Boston Housing Authority, MA
Client: Boston Housing Authority
Use case: Waste, recycling and organics containerization in a high-density public housing development
Solution: Secure, access-controlled waste and organics enclosure platform using metroSTOR
Scale: Pilot deployment at Bunker Hill, serving a high-pressure waste deposit area
Impact: Improved sorting accuracy, early organics diversion, cleaner waste areas and a data-backed pathway to citywide scale
Boston Housing Authority implemented a controlled waste and organics containerization pilot at Bunker Hill, its largest public housing development, to address persistent contamination, rodent pressure and poor waste area conditions. Traditional open dumpsters had failed to control behavior or generate reliable data. The pilot demonstrated measurable improvements in cleanliness, sorting accuracy and early food waste diversion, while creating a defensible evidence base for funding, expansion and city-level decision making.
Bunker Hill is a large, legacy public housing development in Charlestown with a long history of infrastructure pressure. Like many dense, multi-family housing environments, waste management had become a persistent operational and public health challenge.
Open dumpsters and carts contributed to high contamination across trash, recycling and organics, frequent overflow and bulky item dumping, and sustained rodent activity driven by exposed food waste. These conditions affected resident satisfaction, staff workload and neighborhood perception, while limiting BHA’s ability to demonstrate progress against zero waste and environmental goals.
Previous approaches focused on service provision rather than system design, offering little control over behavior and no reliable mechanism for tracking performance or building a case for investment.

BHA recognized that education and signage alone were insufficient in a high-pressure, shared waste environment. The authority required an infrastructure-led intervention that could materially change behavior, improve site conditions and generate credible baseline data.
The decision to pilot a containerized system was driven by three non-negotiables: reducing rodent attractants, improving waste separation without constant enforcement, and creating visibility into diversion outcomes to support future funding and expansion decisions.BHA partnered with metroSTOR, alongside consultants and city stakeholders, to design a pilot that could be evaluated rigorously before any commitment to wider rollout.
The pilot replaced open dumpsters with secure, access-controlled metroSTOR enclosures for trash, recycling and organics. The system established a clear, centralized drop-off point, shifting waste disposal from an unmanaged activity to a designed behavior.
Each enclosure provided physical separation of waste streams, restricted misuse, and improved containment of food waste to reduce rodent access. The platform was selected not as a one-off product installation, but as a repeatable system capable of supporting behavior change, monitoring and future scale.

Installation was completed in spring 2024. Following commissioning, BHA and project partners conducted documented visual inspections in July 2024 to establish an initial operational baseline.
Inspections assessed fill levels, contamination rates, estimated weights using standardized volume-to-weight calculations, and overall site cleanliness.
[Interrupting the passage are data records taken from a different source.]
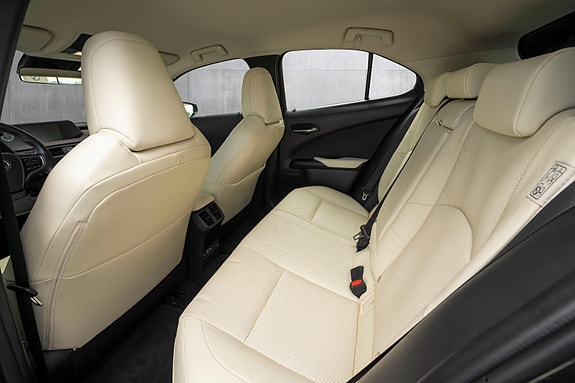 Lexus UX300e 18 of 24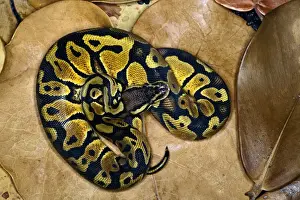 Python Prints: DDE-90036842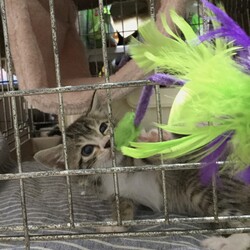 子猫の引き受け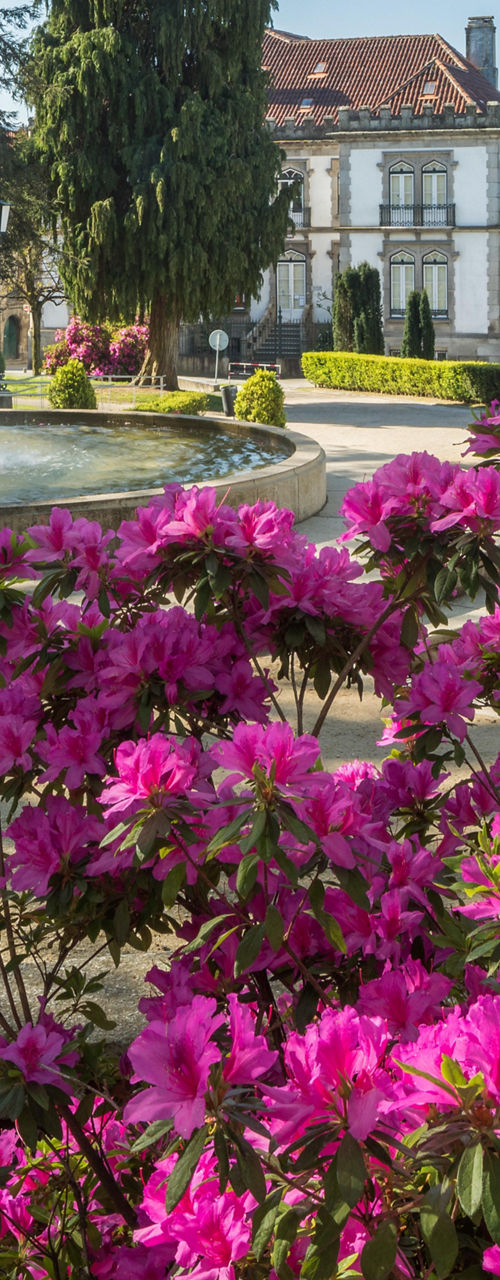 Fountain in a vibrant garden setting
The review covered multiple trash containers, five recycling streams and dedicated organics collection.
This inspection period was explicitly framed as an initial baseline, with the intent to expand monitoring through further assessments and city-verified tonnage data as the program matured.
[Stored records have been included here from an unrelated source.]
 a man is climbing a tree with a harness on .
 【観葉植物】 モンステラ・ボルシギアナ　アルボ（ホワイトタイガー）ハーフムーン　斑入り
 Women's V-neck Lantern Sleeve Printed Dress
Seasonal pressures, including holiday overflow and winter access conditions, were observed and logged as operational considerations rather than structural failures.
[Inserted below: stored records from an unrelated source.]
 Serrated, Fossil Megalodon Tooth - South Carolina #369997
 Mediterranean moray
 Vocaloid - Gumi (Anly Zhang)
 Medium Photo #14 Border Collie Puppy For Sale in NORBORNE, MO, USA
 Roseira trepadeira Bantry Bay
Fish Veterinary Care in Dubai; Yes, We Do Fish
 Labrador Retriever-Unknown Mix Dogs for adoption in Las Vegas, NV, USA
Early findings demonstrated meaningful improvement in system performance.
Across all waste streams within the metroSTOR enclosure area, average contamination measured 11.5%. For an early-stage, multi-family deployment, this level of sorting accuracy indicates that enclosure design, access control and clear separation materially influenced resident behavior.
By January 2025, BHA reported the diversion of over 1,600 pounds of food scraps from incineration and landfill to on-farm composting through the pilot system. This confirmed the early viability of organics capture in a dense public housing context where previous models had struggled.
Operationally, enclosures remained largely clean and functional throughout the inspection period. Isolated issues such as bulky items were visible and manageable, rather than dispersed across the site, improving staff response and oversight.
The pilot was conducted at a waste deposit area with historically high rodent pressure, making it a stringent test case. Its success directly informed a proposed multi-site expansion, which was subsequently included as an option in the City of Boston’s participatory budgeting process.
The rodent-prevention initiative ranked second among all citywide proposals, emerging as a top priority for Boston Housing Authority, city agencies and residents.
As a result, BHA is advancing plans to deploy the metroSTOR enclosure platform across nine additional locations in Boston, targeting sites with elevated rodent activity and operational challenges. The program is moving from pilot validation to community-mandated scale, supported by measured performance rather than assumption.
Thus far, we have diverted over 1,600 lbs of food scraps and organics at Charlestown from incineration and landfill to on-farm composting using your metroSTOR enclosures.Bobby Bell, Green Infrastructure Deployment Manager
metroSTOR’s innovative system has been a valuable asset in empowering our community to reimagine “waste”, helping residents become more intentional about their resources and where they deposit them.